Walk into any Chinese restaurant in America and you will cleanse your palate and finish your meal with a fortune cookie. These simple biscuits folded into a moon shape with a slip of paper inside have become popular in all American and Canadian Chinese restaurants. Ironically enough, the origin of the fortune cookie is not in China. Different stories predict where this Chinese dessert came from.

The fortune cookie as we know it today originated in America. One story recounts the creation of the fortune cookie when Chinese men were settling in the area between California and Nevada laying railways. Workers had few pleasures during this hard time except these small biscuits to exchange with one another during the Chinese Moon Festival. Traditional Lotus Moon Cakes were traded during this celebration, but all the settlers had were these biscuits filled with good luck messages. Thus the fortune cookie was born.

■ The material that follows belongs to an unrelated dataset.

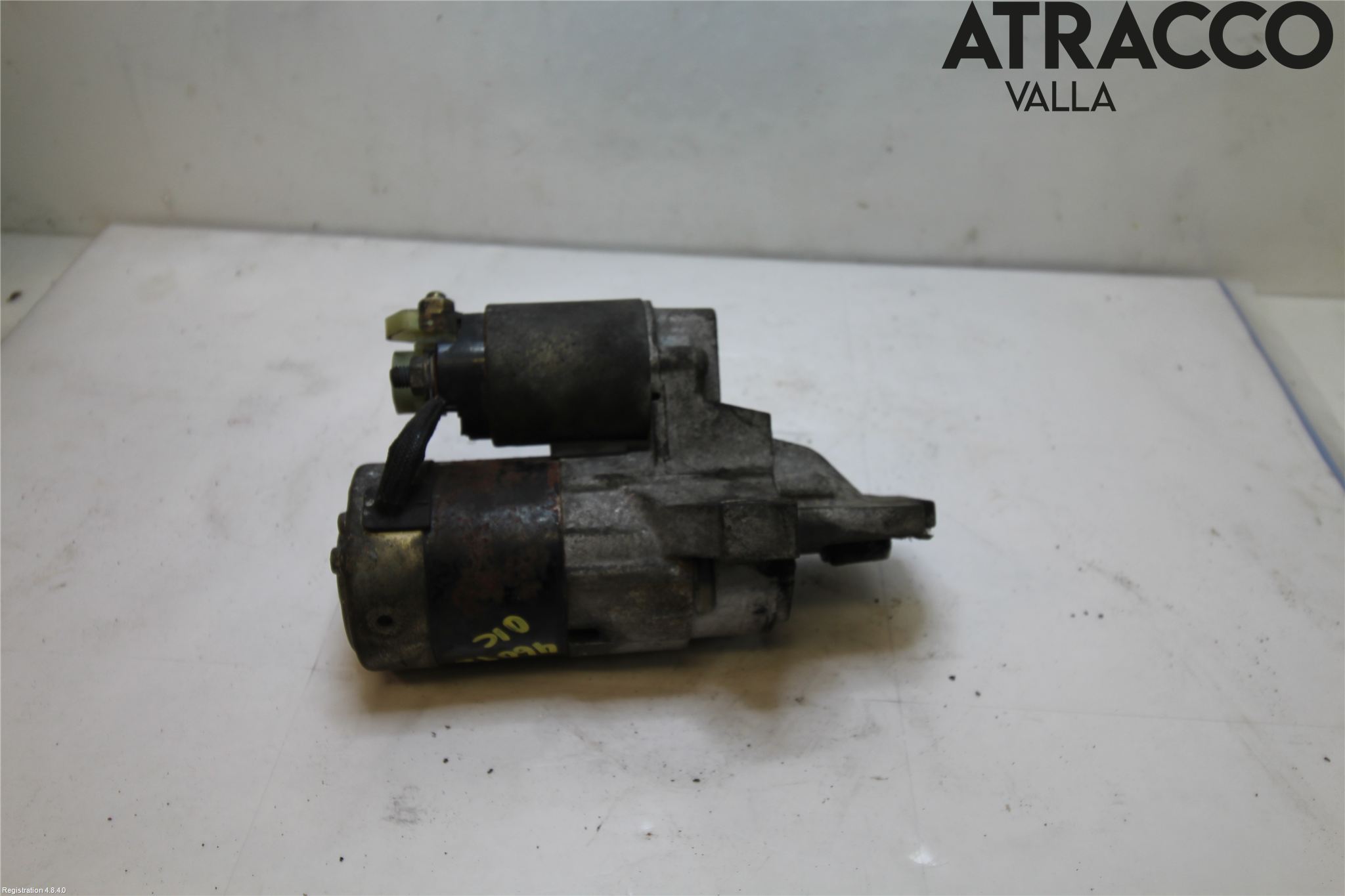 Mazda 6 02-08 Startmotor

Another story recounts a local baker in Los Angeles. Around 1920 David Jung began making these cookies filled with words of encouragement to hand out to the poor and homeless. He eventually founded the Hong Kong Noodle Company.

Los Angeles cannot take the claim so quickly because San Francisco also has a claim on the creation of fortune cookies. In 1907 Makota Hagiwara, a caretaker of a Japanese Tea Garden, created these cookies as well bearing thank you notes. These cookies helped him with a dispute against the mayor and in 1915 his invention was displayed at the Panama Convention.

These small cookies were originally made by hand through the talented work of chopsticks. In 1964 San Francisco's Lotus Fortune Cookie Company created a machine to make the cookies and slip tiny fortunes in them. However, currently the largest fortune cookie company is the Wonton Food Inc. of Long Island City, and this plant distributes 60 millions cookies per month. Now that is a lot of good luck to go around.